Il Dracula di Dario Argento è uscito nelle nostre sale giovedì 22 novembre. L’avete visto? Che ne pensate? Per l’occasione vi riproponiamo la recensione scritta a maggio 2012 durante il Festival di Cannes dove l’abbiamo visto in anteprima.

Transilvania, 1883. Jonathan Harker giunge nel castello del Conte Dracula, per lavorare come suo bibliotecario. Però ben presto il giovane scopre che da quella dimora non può fuggire facilmente, e di essere in prigione. Jonathan risulta ormai scomparso, e la moglie Mina si mette sulle sue tracce. Nel frattempo la migliore amica della donna, Lucy, viene sedotta da Dracula…

Se ne leggono di tutti i colori, sull’ultimo film di Dario Argento.
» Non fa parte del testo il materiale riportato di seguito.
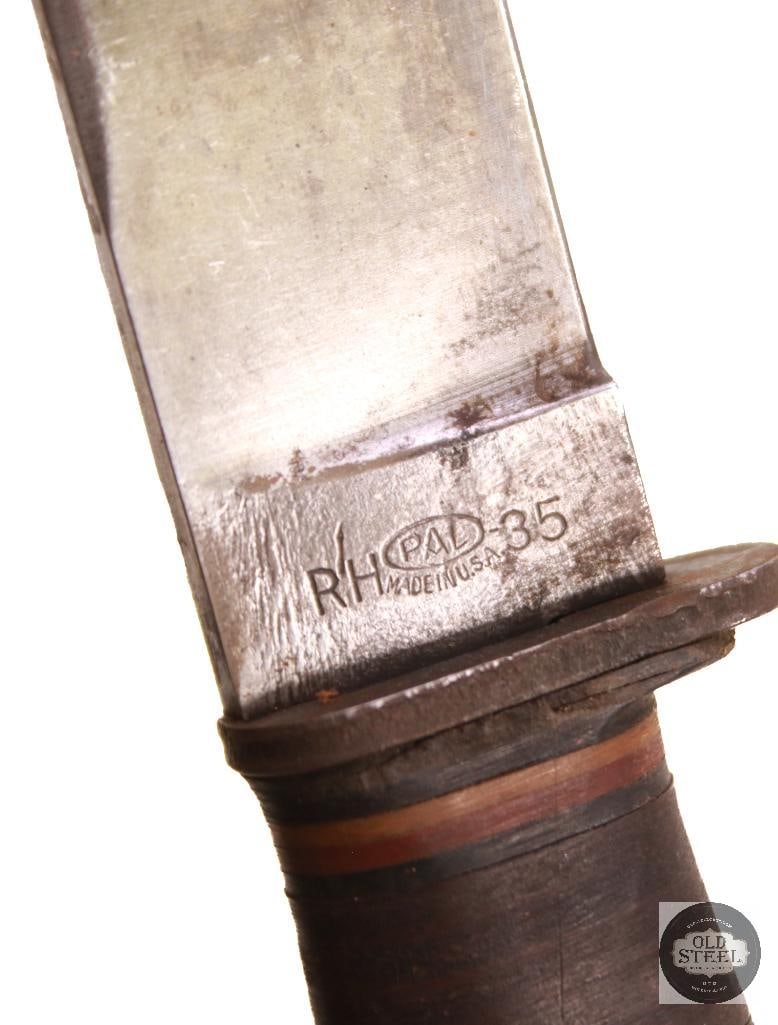 USN Mark 1 Fighting Knife and Leather Sheath - 5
I più “spietati” ci vanno giù duro, i più legati al mito del regista parlano di film almeno dignitoso, o comunque “meglio dei precedenti, dai”. Lungi da noi voler mettere il dito nella piaga, ma i primi sono forse stati fan di Argento e hanno da un po’ smaltito la delusione, mentre i secondi continuano teneramente a cercare Dario Argento lì dove Dario Argento non può (più) esserci. Se scrivo queste cose è perché, un po’, queste cose le so: perché anche io, da fan, per anni ho sperato in un ritorno in gran forma, per poi essere smentito film dopo film.

Fa male dover scrivere certe cose, visto che ad Argento devo personalmente molto, per quel che riguarda la mia formazione cinematografica. Ma sono anche arrivato ad una conclusione, dopo tanti “tentativi”, a volte imbarazzanti col senno di poi, di salvare i suoi film, o trovarne qualcosa di veramente interessante: faccio peggio se ci vado giù piano, addolcendo la pillola, aggiungendo un “perché no” in più, o un aggettivo tipo “passabile” prima di citare qualcosa del reparto tecnico. No, non posso farlo, perché Dracula 3D è un film tremendo.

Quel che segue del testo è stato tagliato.